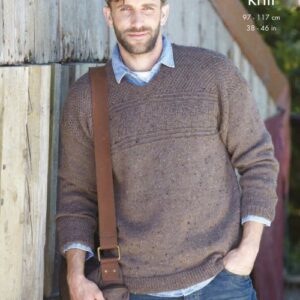 Mens Round & V-Neck Sweaters Knitted in Homespun DK-Printed pattern in the post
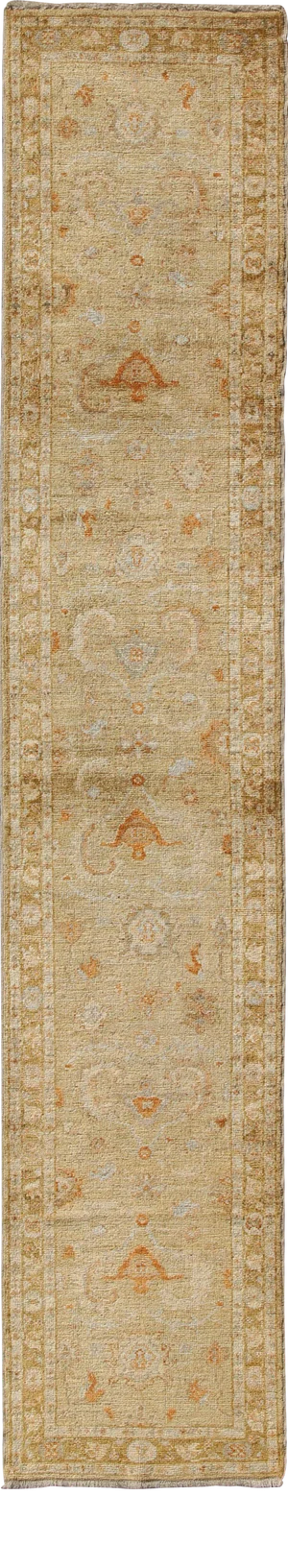 Angora Oushak Runner in Soft Beige With Warm Camel and Light Apricot Accents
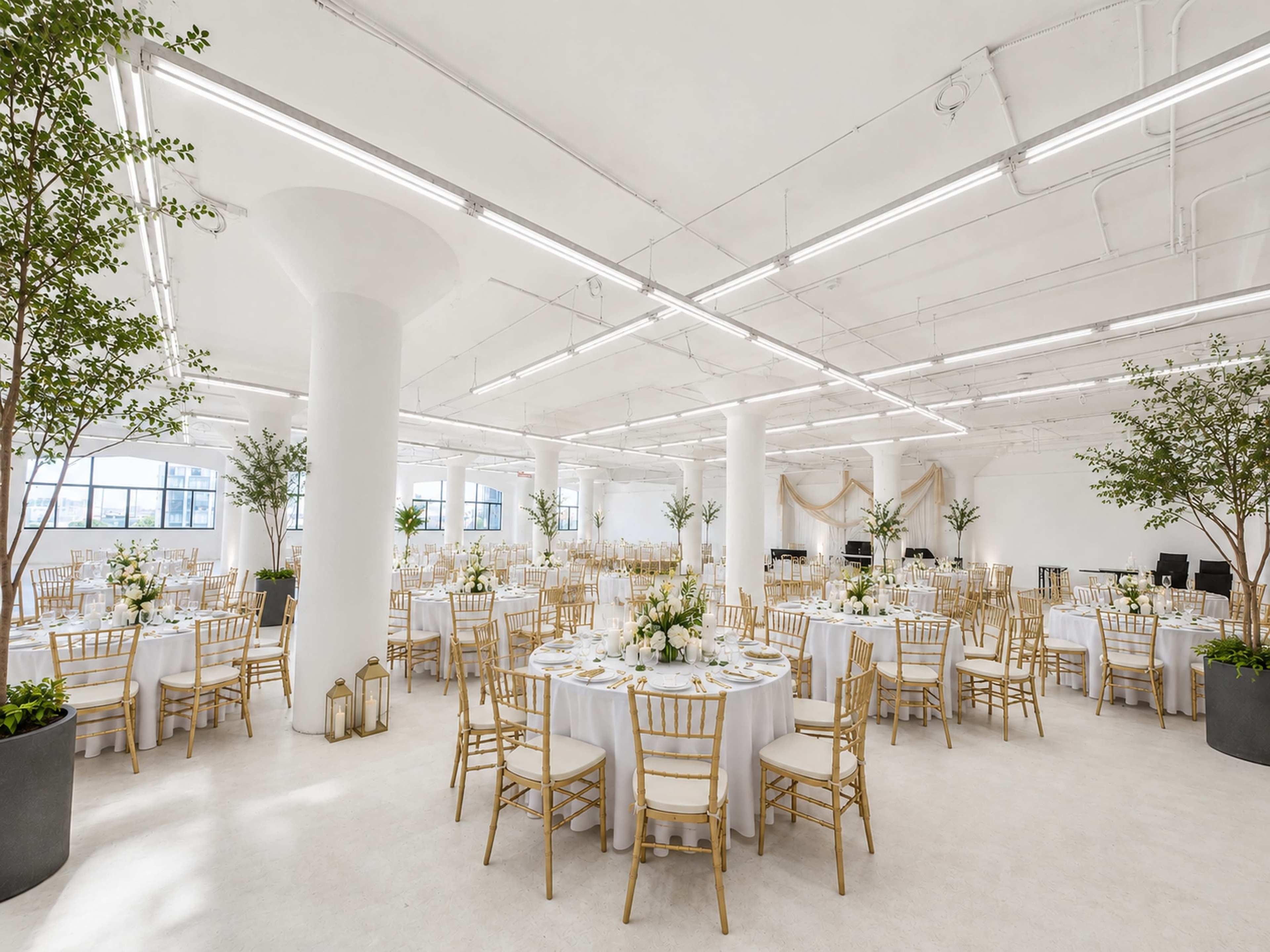 The image shows a spacious event venue set up for a formal occasion, with rows of round tables decorated with white linens and floral centerpieces, surrounded by tall decorative plants.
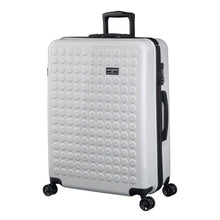 Load image into Gallery viewer, Angled front view of the white suitcase with black accents. The telescopic handle is partly pulled up.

TASK BRIEF: The copy should run from the first line of the material above through the line with "Angora Oushak Runner", repeated exactly and without pictures.

YOUR SOLUTION:
 Mens Round & V-Neck Sweaters Knitted in Homespun DK-Printed pattern in the post
 Angora Oushak Runner in Soft Beige With Warm Camel and Light Apricot Accents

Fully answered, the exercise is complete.